Capitec CEO sells shares worth R11 million
Capitec CEO Gerrie Fourie sold over 6,000 of the company’s ordinary shares on 3 November.
The company announced in a SENS announcement on Monday, 6 November, that Fourie had completed an on-market disposal of 6,439 Capitec shares.
The highest price for the shares was R1,784.57, while the lowest price was R1,780.64. At the time of writing, Capitec’s share price is R1,871.45.
This brought the total value of the transaction to R11.47 million. The company did not provide a reason for Fourie’s transaction.
This comes after Capitec reported successful first-half earnings for the six months through August 2023.
The company’s operating profit before tax increased by 6% to R5.89 billion from R5.55 billion in the comparative period last year.
Headline earnings per share increased by 9% to 4,072 cents from 3,738 cents. Earnings per share increased by 9% to 4,068 cents from 3,739 cents.
Interim ordinary dividends increased by 9% to 1,530 cents per share from 1,400 cents per share.
The company’s net asset value (total equity) increased by 13% to R39.35 billion from R34.81 billion.
These positive results followed concerns over bad debt that could hurt the company’s performance.
Earlier this year, the bank said that the economic climate in South Africa had been characterised by high interest rates and inflation above the government’s target.
“This led to consumers being under financial pressure, which impacted the retail bank loans and advances and resulted in a higher credit impairment charge and credit loss ratio,” the company said in a trading update.
During H1 2023, the company tightened its credit granting criteria to address the risks to the loan book amidst the challenging economic environment.
Changes to the granting criteria during the reporting period included discontinuing short-term access facilities and cutbacks on clients who increased their instalments to income ratio by more than 30% during the past six months.
These changes appear to have borne fruit, as the impact of the adjustments to granting criteria was to decrease loans and limit sales by 32%.
“We can adjust the term to maturity of our retail loan book more quickly than mortgage or commercial lenders because of the comparatively shorter term of our loan book,” the company explained in its results today.
As a result, retail loan sales and disbursements decreased by 9% to R24.2 billion (H1 2022: R26.5 billion).
The tightening of access facility criteria resulted in a significant decrease in the new access facility limits granted to R3.8 billion (H1 2022: R10.5 billion).

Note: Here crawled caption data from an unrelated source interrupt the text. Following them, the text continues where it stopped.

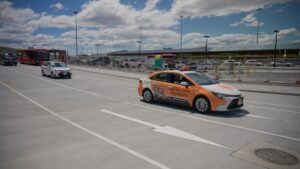 Hobart Airport öppnar nytt transportområde innan terminalarbeten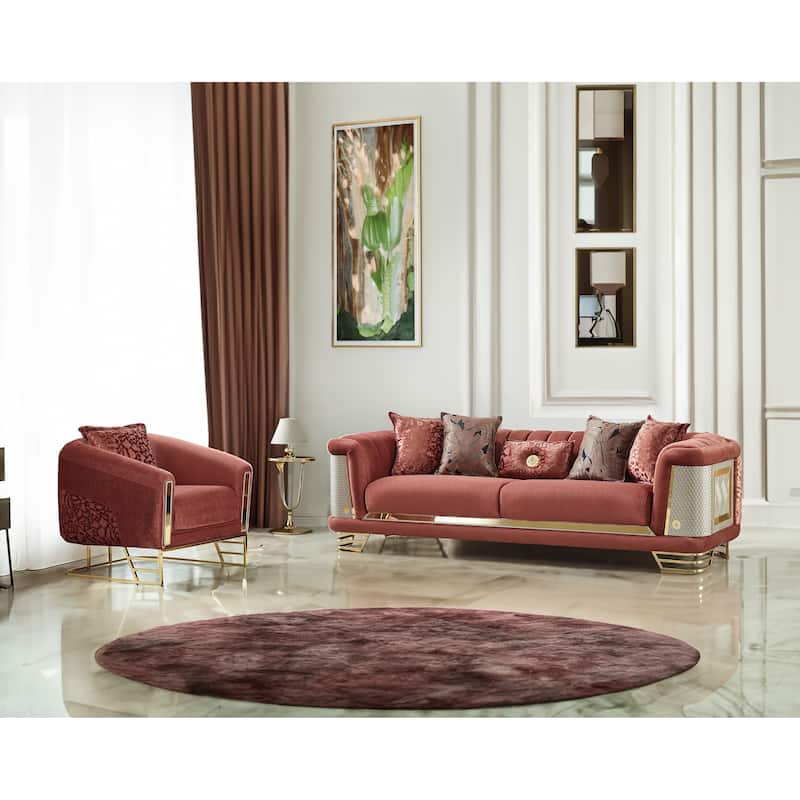 Renillo Modern Upholstered 98'' Velvet Pillow Back
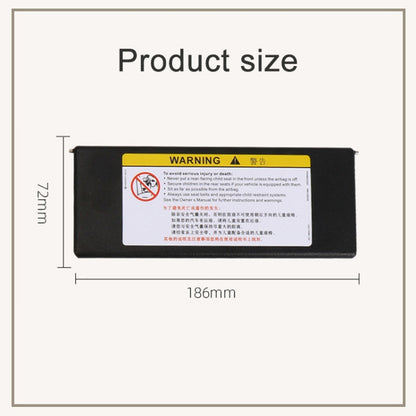 For Buick / Chevrolet Left-hand Drive Car Sun Visor Makeup Mirror 23196443(Black) by buy2fix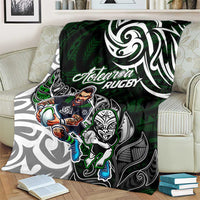 NZ Aotearoa Rugby Blanket New Zealand Silver Fern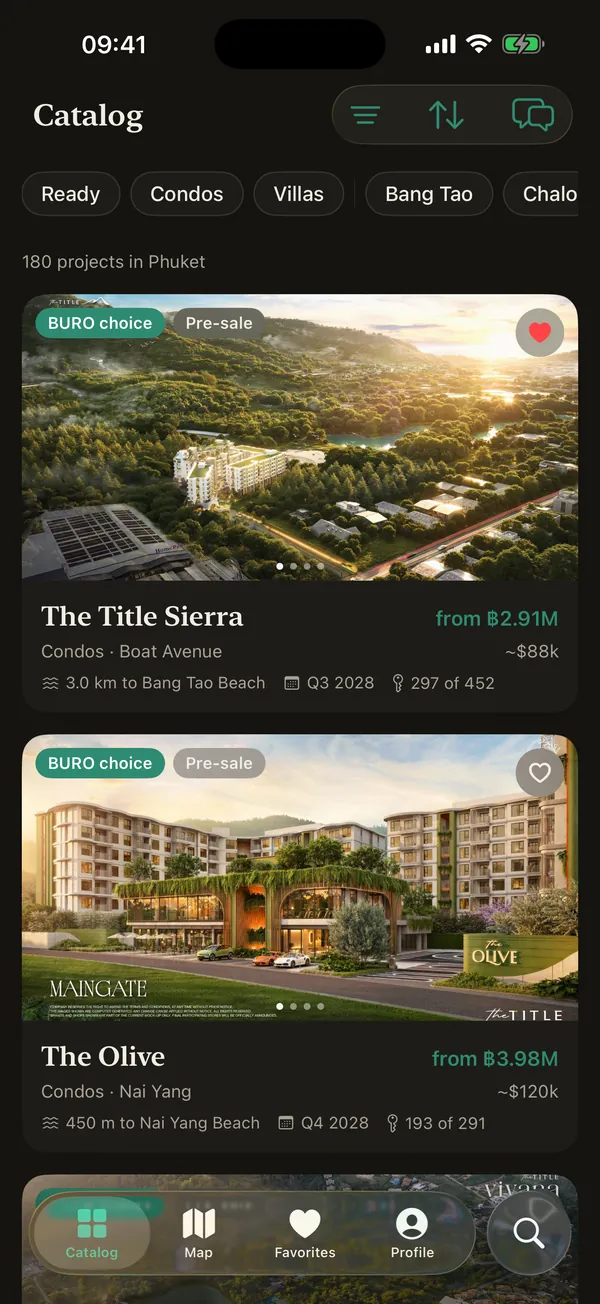 Catalogue in dark mode
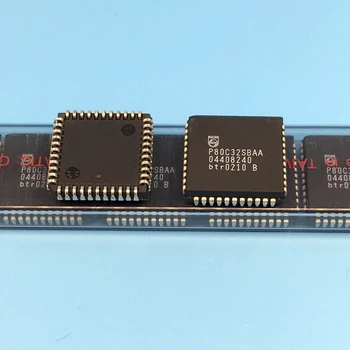 2 бр./лот Нов Оригинален P80C32SBAA или P80C32SFAA или P80C32UBAA или P80C32UFAA P80C32 PLCC44 8-битов Микроконтролер CMOS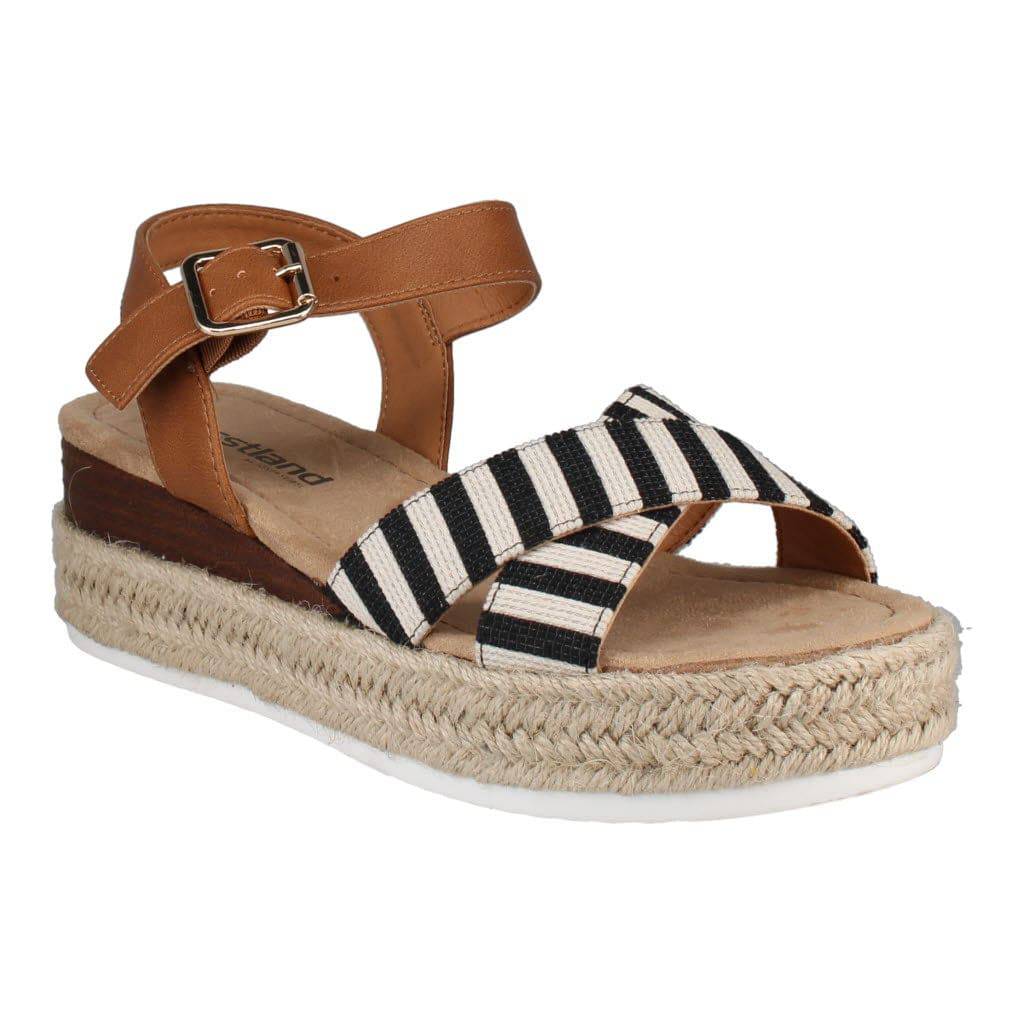 Westland 592001 Madison 01 Ladies Black Combi Vegan Buckle Sandals-elevate your sole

In addition, access facility limits were cut by more than R3.0 billion, and access facility disbursements decreased to R7.3 billion from R9.9 billion.
The lower-risk credit card disbursements grew from R6.3 billion to R8.0 billion. Term loan sales decreased by 14% from R10.4 billion to R8.9 billion.
In an interview with Daily Investor, Fourie said Capitec’s more stringent lending requirements will stay in place until South Africa’s macroeconomic environment allows more flexibility.